◆ TASK INSTRUCTIONS ◆
Please output exactly the part of the records below that opens with the line containing "Tescoma Porcelanowa filiżanka" and closes with the line containing "SUPER MARIO CASTLE", both lines included, and nothing else.
== INFORMATION SHOWN
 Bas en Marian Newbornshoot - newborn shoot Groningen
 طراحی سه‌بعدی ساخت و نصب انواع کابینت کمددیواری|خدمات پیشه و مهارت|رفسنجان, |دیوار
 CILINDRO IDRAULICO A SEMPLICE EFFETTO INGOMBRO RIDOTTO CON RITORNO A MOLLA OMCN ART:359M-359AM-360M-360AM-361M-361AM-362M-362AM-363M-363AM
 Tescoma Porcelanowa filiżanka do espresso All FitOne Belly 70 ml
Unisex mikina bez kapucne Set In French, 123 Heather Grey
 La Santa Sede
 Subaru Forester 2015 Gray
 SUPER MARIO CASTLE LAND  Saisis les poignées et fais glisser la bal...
====
== INFORMATION SHOWN
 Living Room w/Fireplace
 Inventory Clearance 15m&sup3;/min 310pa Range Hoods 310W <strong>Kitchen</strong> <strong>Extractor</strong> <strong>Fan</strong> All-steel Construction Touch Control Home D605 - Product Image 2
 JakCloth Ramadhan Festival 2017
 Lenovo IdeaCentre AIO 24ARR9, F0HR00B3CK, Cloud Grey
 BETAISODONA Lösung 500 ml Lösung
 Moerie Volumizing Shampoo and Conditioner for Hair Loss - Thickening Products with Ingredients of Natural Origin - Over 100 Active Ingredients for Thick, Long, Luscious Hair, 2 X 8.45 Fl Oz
====
== INFORMATION SHOWN
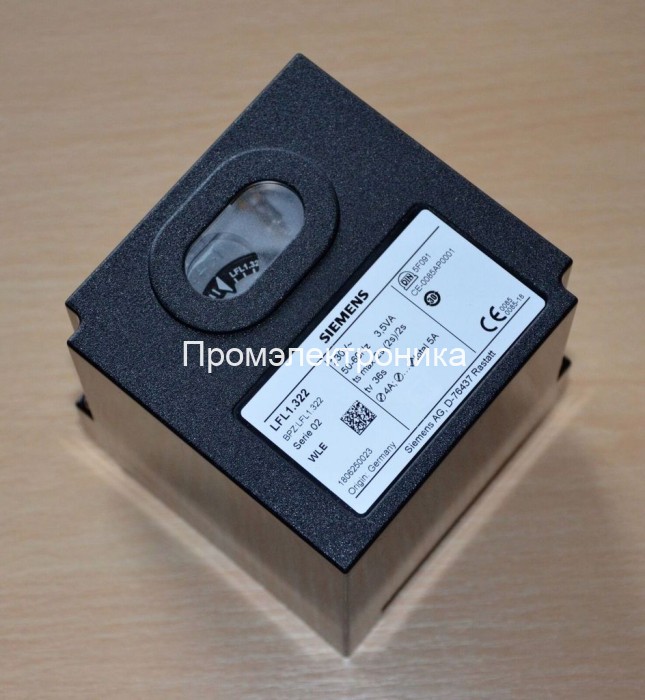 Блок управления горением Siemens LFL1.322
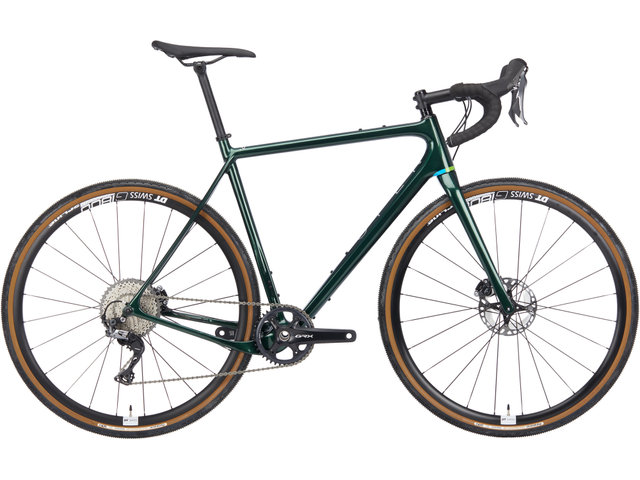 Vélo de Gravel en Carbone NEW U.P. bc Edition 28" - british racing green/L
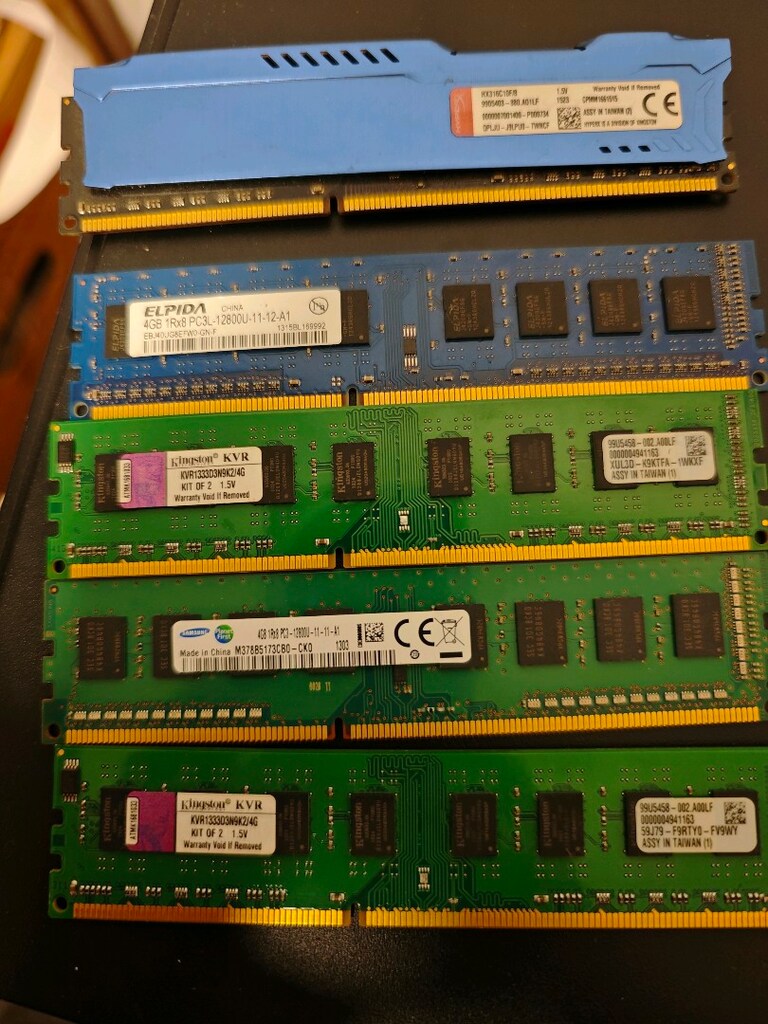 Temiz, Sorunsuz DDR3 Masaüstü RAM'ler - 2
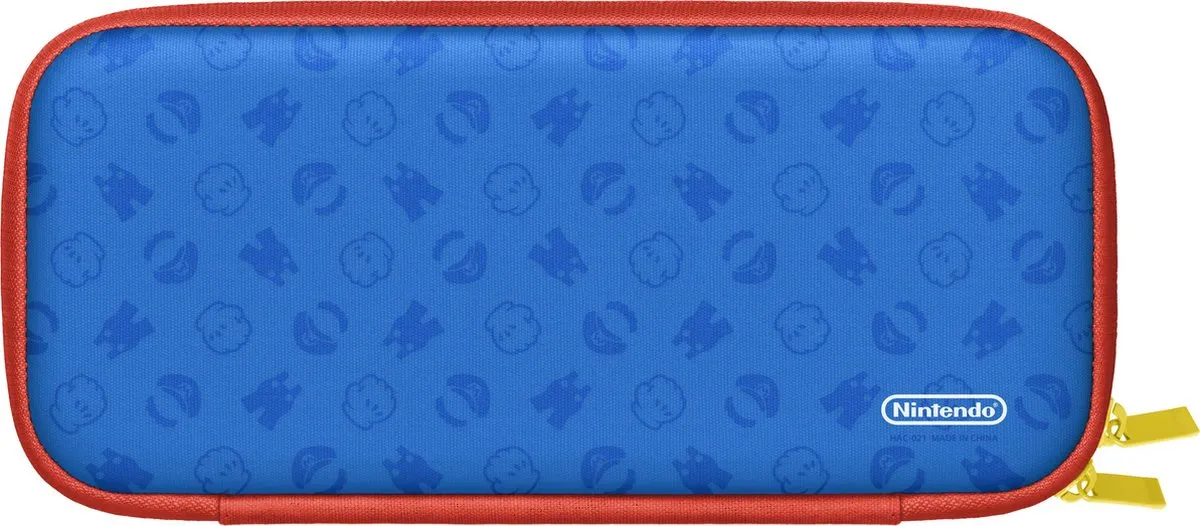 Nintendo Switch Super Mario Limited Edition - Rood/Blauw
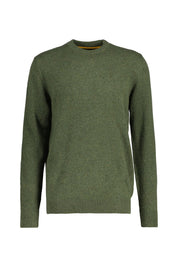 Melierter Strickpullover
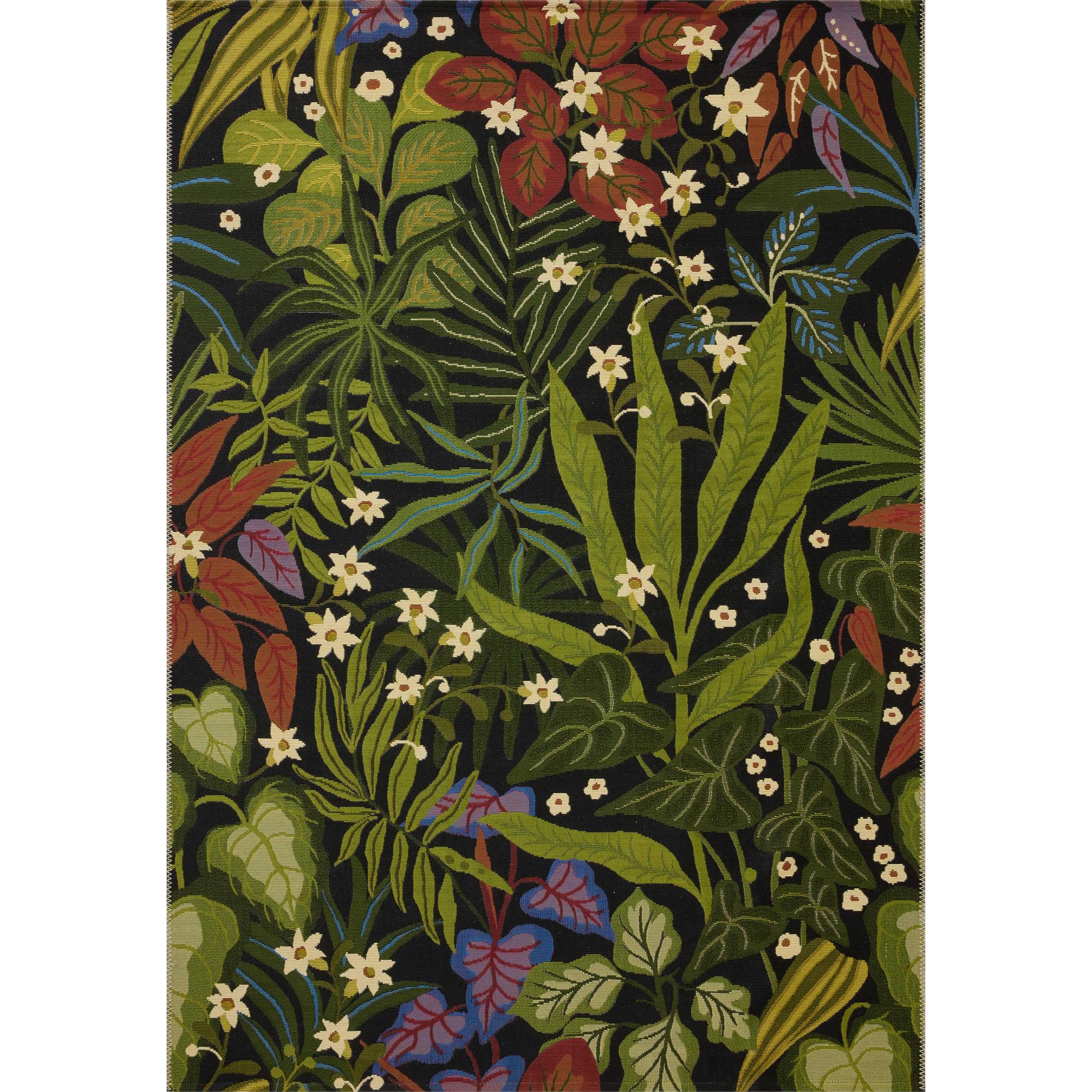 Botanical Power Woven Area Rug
====
◆ OUTPUT OF THE EXERCISE ◆
 Tescoma Porcelanowa filiżanka do espresso All FitOne Belly 70 ml
Unisex mikina bez kapucne Set In French, 123 Heather Grey
 La Santa Sede
 Subaru Forester 2015 Gray
 SUPER MARIO CASTLE LAND  Saisis les poignées et fais glisser la bal...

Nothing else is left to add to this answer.